“All that glitters is not Gold” Propositional Logic.

Question

Found this in Pugh’s Real Mathematical Analysis.

The problem says to “Recast the following English sentences in Mathematics, using correct mathematical grammar. Preserve their meaning”.

(c) All that glitters is not gold.

My thought ( could be way off) was to create functional notation notating that “element $x$ glitters” and “element $x$ is gold”. That is $g(x)$ and $Au(x)$ respectively. Then I would say something like...

It is not tru that for each $x,$ $g(x)$ implies $Au(x)$,

which then translates to $$\sim (g(x) \Longrightarrow Au(x)) \equiv g(x) \wedge \sim Au(x).$$ Is this even close? Any hints or direction is appreciated.

Answer 1

Your proposed sentence is close, but isn't quite there yet. $\ g(x) \wedge \sim Au(x)\ $ says that the this particular $\ x\ $ glitters but isn't gold. This would be true for some values of $\ x\ $ (cellulose sequins, trout scales, etc.) and false for others (gold, matte paper, etc.). To make it synonymous with the target sentence you need to precede it with an existential quantifier: $$ \exists x: \ g(x) \wedge \sim Au(x)\ , $$ which says that there exists an $\ x\ $ which glitters but isn't gold. Equivalently, you could place a universal quantifier between the negation sign and the remainder of the first version of your two equivalent formulations: $$ \sim\forall x:g(x)\implies Au(x)\ . $$ This says it's not true that everything which glistens must be gold.

Answer 2

You are very close to translating this correctly. You need only add a quantifier to the statement.

Propositional logic alone will not suffice for translating this statement into anything more than a single proposition. For that, you will need first order logic.

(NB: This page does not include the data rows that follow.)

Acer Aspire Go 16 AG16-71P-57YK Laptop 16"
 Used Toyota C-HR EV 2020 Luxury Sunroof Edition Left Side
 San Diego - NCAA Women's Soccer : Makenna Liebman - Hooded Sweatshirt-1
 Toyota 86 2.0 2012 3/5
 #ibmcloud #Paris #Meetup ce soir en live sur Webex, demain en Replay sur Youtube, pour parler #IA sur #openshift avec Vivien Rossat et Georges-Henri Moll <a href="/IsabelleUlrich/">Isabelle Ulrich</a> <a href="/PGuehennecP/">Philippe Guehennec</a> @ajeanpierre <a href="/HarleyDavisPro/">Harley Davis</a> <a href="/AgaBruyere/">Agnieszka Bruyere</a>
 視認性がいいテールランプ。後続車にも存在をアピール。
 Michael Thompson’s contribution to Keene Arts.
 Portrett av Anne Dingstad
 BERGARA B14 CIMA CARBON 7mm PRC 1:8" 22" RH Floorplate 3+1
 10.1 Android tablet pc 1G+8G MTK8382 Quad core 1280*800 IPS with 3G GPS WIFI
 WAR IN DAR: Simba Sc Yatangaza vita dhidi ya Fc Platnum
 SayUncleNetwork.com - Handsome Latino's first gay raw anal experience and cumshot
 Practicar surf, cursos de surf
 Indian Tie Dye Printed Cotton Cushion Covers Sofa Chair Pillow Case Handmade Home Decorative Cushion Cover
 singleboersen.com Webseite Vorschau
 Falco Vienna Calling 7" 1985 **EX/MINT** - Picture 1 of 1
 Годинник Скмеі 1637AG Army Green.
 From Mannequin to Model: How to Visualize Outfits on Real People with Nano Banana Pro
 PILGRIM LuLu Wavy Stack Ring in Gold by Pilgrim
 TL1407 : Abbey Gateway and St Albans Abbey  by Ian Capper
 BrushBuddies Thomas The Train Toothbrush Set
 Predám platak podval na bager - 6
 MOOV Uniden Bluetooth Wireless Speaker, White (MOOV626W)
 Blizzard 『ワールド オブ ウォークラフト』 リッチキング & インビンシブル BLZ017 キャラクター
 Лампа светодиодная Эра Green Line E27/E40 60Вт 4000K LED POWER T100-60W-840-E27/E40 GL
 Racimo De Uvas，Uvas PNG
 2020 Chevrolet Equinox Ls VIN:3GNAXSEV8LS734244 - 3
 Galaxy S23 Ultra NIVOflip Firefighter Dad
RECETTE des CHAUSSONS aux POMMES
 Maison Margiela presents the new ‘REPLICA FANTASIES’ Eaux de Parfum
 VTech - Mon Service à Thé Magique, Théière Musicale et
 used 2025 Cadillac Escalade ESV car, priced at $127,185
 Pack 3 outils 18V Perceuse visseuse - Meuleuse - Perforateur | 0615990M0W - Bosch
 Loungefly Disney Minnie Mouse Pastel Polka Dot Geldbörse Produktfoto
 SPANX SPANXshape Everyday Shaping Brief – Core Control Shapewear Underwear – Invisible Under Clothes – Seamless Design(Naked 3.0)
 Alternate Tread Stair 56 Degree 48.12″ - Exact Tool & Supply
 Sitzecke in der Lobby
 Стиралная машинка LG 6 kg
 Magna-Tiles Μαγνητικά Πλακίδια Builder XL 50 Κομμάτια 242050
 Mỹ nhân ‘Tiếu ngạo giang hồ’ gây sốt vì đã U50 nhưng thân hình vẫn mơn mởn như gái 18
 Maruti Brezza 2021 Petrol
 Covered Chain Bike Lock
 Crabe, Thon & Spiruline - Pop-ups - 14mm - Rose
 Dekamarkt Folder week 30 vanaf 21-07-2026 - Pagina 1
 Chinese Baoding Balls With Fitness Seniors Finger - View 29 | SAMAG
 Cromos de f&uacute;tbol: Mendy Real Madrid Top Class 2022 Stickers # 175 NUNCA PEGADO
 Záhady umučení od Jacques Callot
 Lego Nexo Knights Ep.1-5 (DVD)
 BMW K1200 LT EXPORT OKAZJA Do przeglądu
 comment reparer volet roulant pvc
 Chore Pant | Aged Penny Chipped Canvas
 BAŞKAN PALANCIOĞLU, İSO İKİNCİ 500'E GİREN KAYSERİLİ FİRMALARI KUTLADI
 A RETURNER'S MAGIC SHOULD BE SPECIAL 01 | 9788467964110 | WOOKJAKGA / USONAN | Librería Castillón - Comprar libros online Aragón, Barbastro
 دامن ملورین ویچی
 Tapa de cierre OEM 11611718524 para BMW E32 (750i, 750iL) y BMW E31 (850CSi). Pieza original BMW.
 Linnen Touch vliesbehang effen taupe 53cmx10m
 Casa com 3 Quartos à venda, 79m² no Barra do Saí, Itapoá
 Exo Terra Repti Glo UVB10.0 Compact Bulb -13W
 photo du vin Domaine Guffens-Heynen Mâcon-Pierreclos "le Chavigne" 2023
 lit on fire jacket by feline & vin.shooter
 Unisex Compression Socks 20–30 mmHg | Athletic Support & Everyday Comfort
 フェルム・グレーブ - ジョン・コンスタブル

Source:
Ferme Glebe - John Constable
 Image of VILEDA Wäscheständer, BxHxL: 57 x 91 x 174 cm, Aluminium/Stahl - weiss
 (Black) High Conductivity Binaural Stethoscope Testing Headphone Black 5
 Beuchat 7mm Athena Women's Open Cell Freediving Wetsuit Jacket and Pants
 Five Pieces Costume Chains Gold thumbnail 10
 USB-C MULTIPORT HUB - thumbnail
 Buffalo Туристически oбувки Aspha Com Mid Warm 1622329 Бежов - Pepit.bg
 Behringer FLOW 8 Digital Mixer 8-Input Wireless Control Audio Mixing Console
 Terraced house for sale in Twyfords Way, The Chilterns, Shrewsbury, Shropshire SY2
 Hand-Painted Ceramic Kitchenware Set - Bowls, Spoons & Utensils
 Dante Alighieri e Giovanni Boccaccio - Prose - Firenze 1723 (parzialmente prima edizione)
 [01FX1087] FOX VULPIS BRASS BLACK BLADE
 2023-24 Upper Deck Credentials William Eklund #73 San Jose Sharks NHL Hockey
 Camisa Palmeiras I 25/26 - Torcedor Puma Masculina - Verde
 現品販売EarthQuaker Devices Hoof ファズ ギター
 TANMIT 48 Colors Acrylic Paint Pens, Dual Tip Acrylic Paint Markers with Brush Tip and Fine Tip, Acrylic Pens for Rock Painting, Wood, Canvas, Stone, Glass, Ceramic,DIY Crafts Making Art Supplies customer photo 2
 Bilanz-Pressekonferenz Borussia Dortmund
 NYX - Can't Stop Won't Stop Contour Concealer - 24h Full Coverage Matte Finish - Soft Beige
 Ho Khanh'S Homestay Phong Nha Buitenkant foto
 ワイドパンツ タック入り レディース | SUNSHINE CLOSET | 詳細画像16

If the formal translation of a statement is ever tricky, it generally helps to translate the statement recursively, making it slightly more formal each time while being careful to preserve meaning...

"All that glitters is not gold."

"Not everything that glitters is gold."

"It is not the case that, for any thing $x$, if $x$ glitters, then $x$ is gold."

Now the quantifier and predicates are more clear. If the domain of discourse, S, is the set of all things, then we have the following

$\neg \forall x [G(x) \rightarrow A(x)]$

where $x \in S$

$G(x):x$ giltters

$A(x):x$ is gold

And of course, this is logically equivalent to...

$\Leftrightarrow \exists x \neg [G(x) \rightarrow A(x)]$

$\Leftrightarrow \exists x \neg [ \neg G(x) \vee A(x)]$

$\Leftrightarrow \exists x [\neg \neg G(x) \wedge \neg A(x)]$

$\Leftrightarrow \exists x [G(x) \wedge \neg A(x)]$